[Caption-style text data]
□ □ □
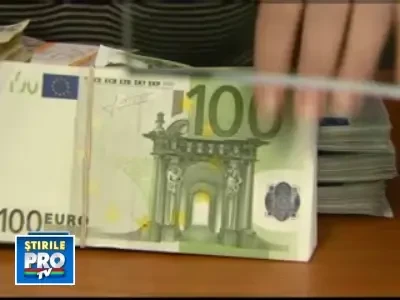 Romanii, revoltati: scade dobanda la euro, nu insa si rata la banca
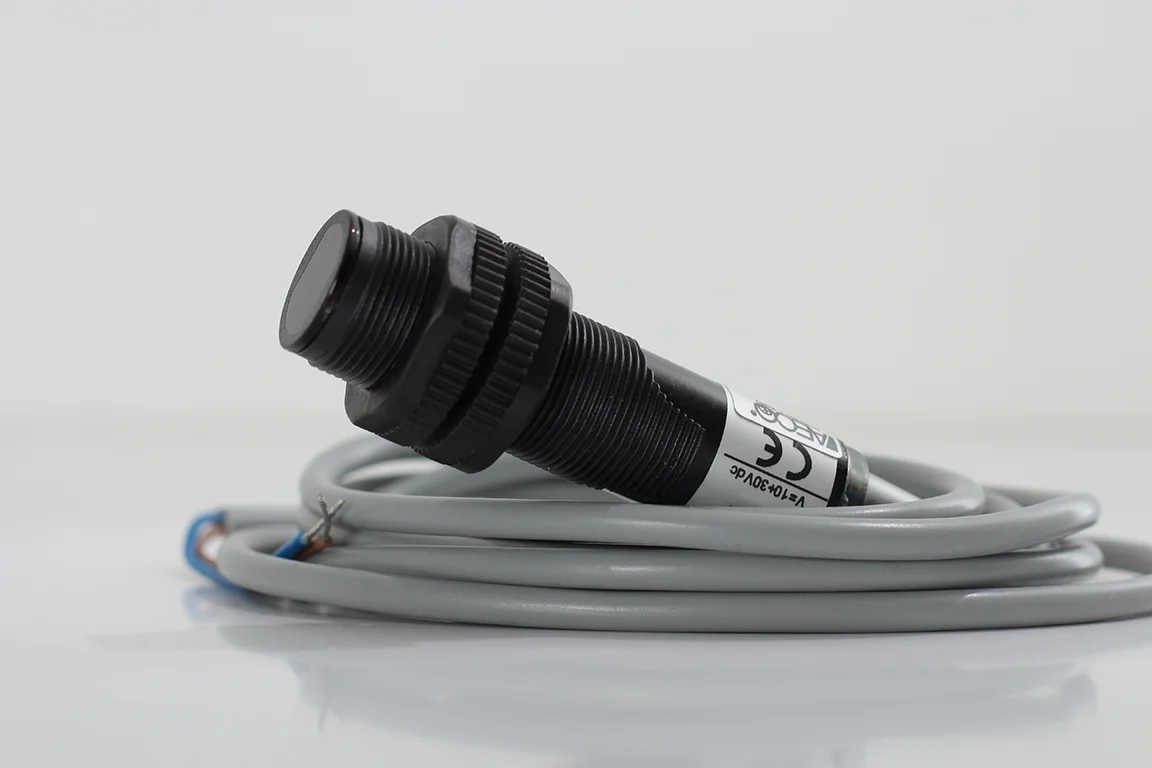 AECO FT18EL-CBE | M18 Infrared Fotoelektrik Sensör
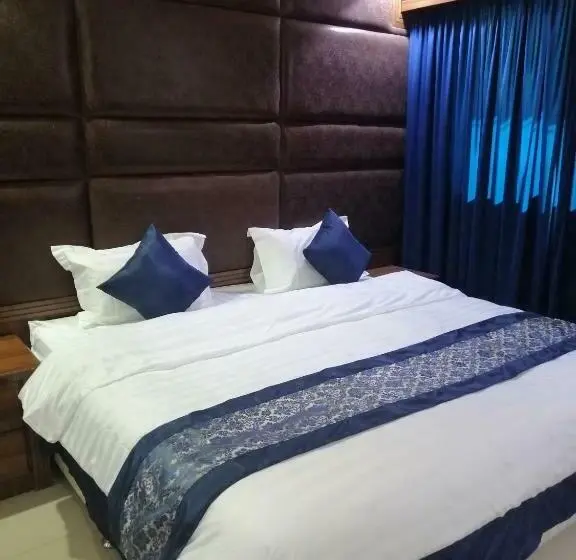 Standard-huone, Roseline
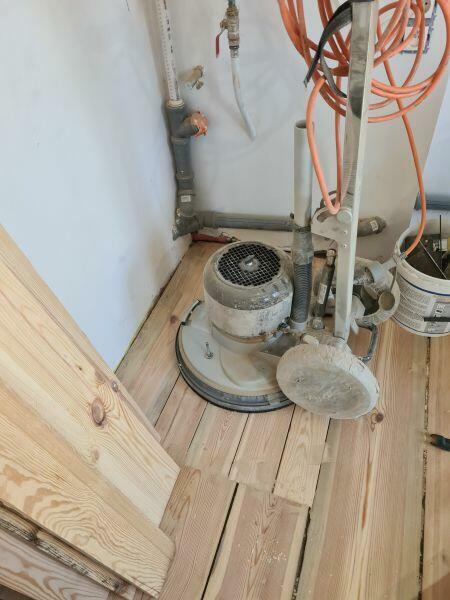 Cyklinowanie podłogi z desek sosnowych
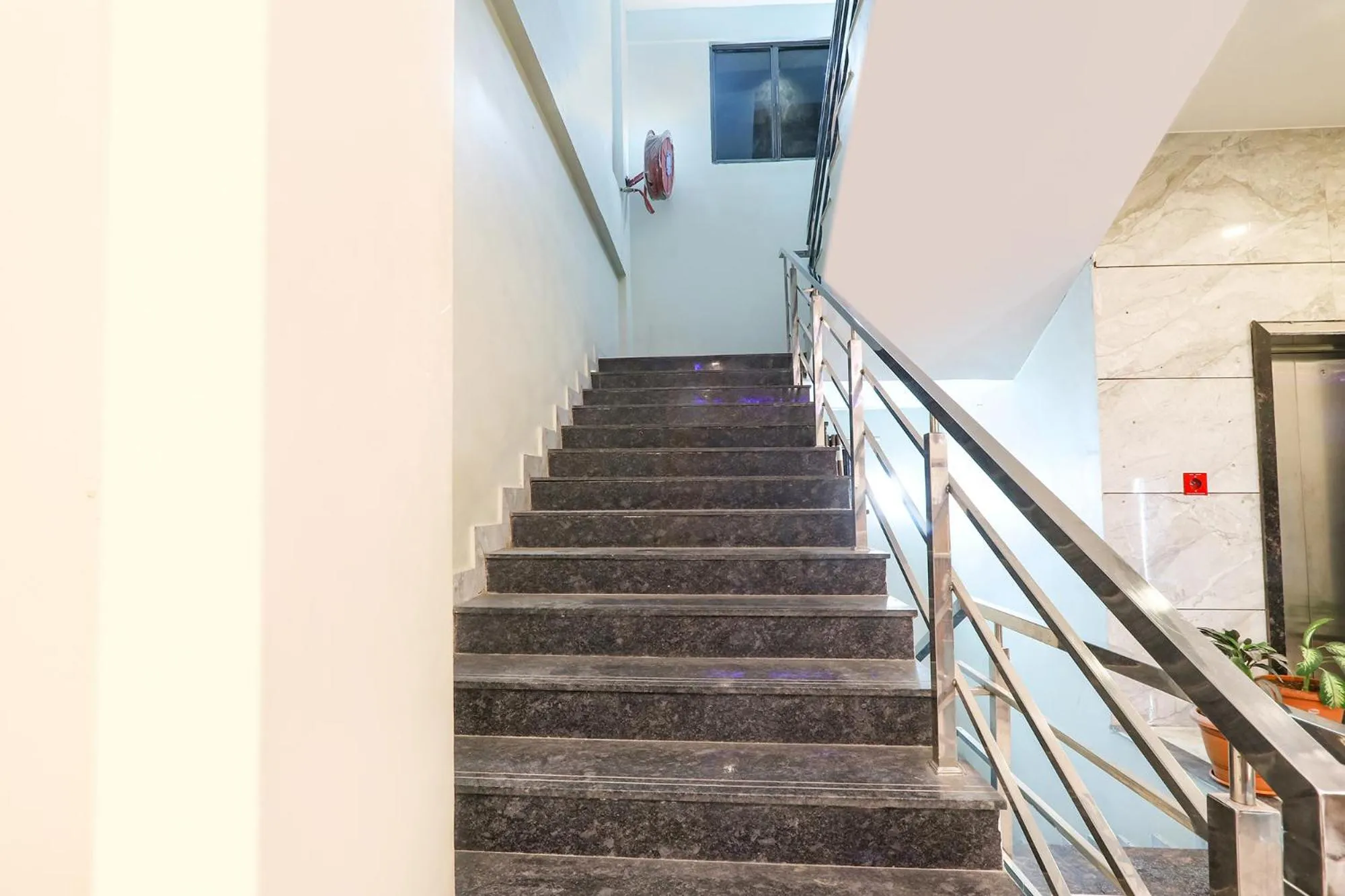 Lobby or reception in FabHotel Simhadri Grand-Nr Khammam Railway Station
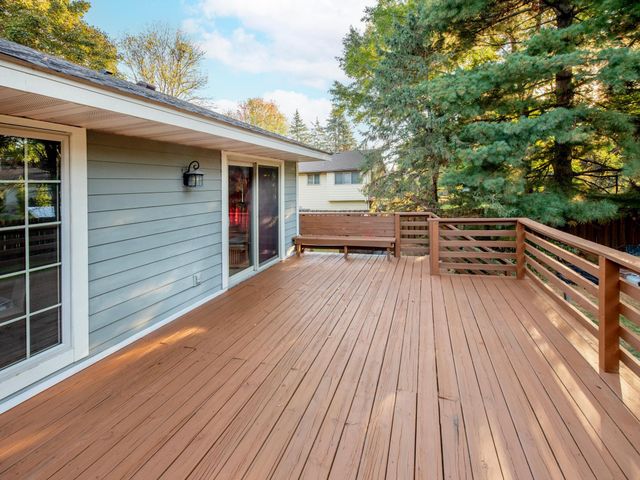 866 Cheri Lane, Mendota Heights, MN 55120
□ □ □
- [WHAT IS REQUIRED]
Please print out the entries above exactly. The pictures stay out.

- [EXERCISE OUTPUT]
 Romanii, revoltati: scade dobanda la euro, nu insa si rata la banca
 AECO FT18EL-CBE | M18 Infrared Fotoelektrik Sensör
 Standard-huone, Roseline
 Cyklinowanie podłogi z desek sosnowych
 Lobby or reception in FabHotel Simhadri Grand-Nr Khammam Railway Station
 866 Cheri Lane, Mendota Heights, MN 55120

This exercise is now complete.